- Directed by: Reginald LeBorg Ernst Matray
- Produced by: Walter Lowendahl Rudolph Polk
- Starring: José Iturbi Emanuel Feuermann Mildred Dilling
- Cinematography: Paul Ivano Harry Jackson Walter Lundin Jackson Rose
- Edited by: Tom Biggart Harvey Pergament Richard G. Wray
- Distributed by: Crystal Films (US) Monarch Film Corporation (UK)
- Release date: 1944;
- Running time: 62 minutes
- Country: United States
- Language: English

= Adventure in Music =

1944 film by Reginald LeBorg

Adventure in Music is a 1944 American concert film directed by Reginald LeBorg and Ernst Matray. It stars José Iturbi, Emanuel Feuermann, and Mildred Dilling.

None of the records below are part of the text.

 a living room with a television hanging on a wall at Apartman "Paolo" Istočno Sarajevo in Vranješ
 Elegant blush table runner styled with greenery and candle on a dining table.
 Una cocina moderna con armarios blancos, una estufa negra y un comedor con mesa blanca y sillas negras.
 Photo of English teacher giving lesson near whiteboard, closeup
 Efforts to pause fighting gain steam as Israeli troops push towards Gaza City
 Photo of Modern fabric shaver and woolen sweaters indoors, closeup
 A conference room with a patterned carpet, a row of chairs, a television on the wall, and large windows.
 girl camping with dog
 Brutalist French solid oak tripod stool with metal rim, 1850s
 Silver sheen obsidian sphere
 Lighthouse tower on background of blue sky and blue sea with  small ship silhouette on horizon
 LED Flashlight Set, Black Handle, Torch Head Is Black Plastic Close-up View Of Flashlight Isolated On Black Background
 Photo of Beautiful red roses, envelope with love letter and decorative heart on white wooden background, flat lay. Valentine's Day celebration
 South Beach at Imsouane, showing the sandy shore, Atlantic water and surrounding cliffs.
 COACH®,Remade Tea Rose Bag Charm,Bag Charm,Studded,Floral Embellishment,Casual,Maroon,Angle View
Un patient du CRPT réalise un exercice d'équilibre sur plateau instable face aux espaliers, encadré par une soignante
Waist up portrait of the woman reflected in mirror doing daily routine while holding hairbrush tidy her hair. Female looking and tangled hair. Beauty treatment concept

The film was advertised as the "first concert in film" and featured compositions by several classical artists, including Alexander Borodin, Antonín Dvořák, Frédéric Chopin, Ludwig van Beethoven, Franz Liszt, and Nikolai Rimsky-Korsakov. The film also featured works by contemporary composers. There are ten compositions in total.

==Reception==
Showmen's Trade Review wrote that there is no plot, but rather "a collection of musical pieces played as in a concert and caught on celluloid." The review also noted that "only those who are concert devotees will go to see this." Meanwhile, The New York Times wrote that the film "has the static quality of a family album".

Director Reginald LeBorg, in his own retrospective appraisal, dismissed the film as unworthy of serious analysis. Film critic Wheeler Winston Dixon reports that "the film opened in New York to dismissive reviews, and swiftly sank from sight."